Content starts
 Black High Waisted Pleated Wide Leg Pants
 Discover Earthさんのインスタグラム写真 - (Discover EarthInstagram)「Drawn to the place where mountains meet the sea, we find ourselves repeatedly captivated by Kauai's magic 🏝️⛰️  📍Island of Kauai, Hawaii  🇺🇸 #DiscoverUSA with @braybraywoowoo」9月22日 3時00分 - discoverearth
Content ends
Content starts
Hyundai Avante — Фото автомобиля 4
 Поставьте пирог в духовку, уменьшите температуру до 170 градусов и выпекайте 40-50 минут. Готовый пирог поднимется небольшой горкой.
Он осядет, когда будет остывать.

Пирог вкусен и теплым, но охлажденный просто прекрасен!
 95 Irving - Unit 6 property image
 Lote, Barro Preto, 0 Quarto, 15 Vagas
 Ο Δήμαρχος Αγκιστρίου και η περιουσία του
Content ends
Content starts
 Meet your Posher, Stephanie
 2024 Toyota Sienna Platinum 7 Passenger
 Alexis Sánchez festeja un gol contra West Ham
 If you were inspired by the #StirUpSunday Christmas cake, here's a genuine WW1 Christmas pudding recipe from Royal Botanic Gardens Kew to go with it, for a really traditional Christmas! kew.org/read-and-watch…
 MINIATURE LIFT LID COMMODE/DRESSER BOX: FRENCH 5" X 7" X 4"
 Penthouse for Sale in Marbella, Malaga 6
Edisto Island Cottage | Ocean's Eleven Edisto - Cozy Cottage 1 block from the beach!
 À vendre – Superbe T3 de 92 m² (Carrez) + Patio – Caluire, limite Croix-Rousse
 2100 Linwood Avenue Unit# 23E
Content ends
What this task involves: Reproduce every line above containing "Unit".

Response to the exercise:
 95 Irving - Unit 6 property image
 2100 Linwood Avenue Unit# 23E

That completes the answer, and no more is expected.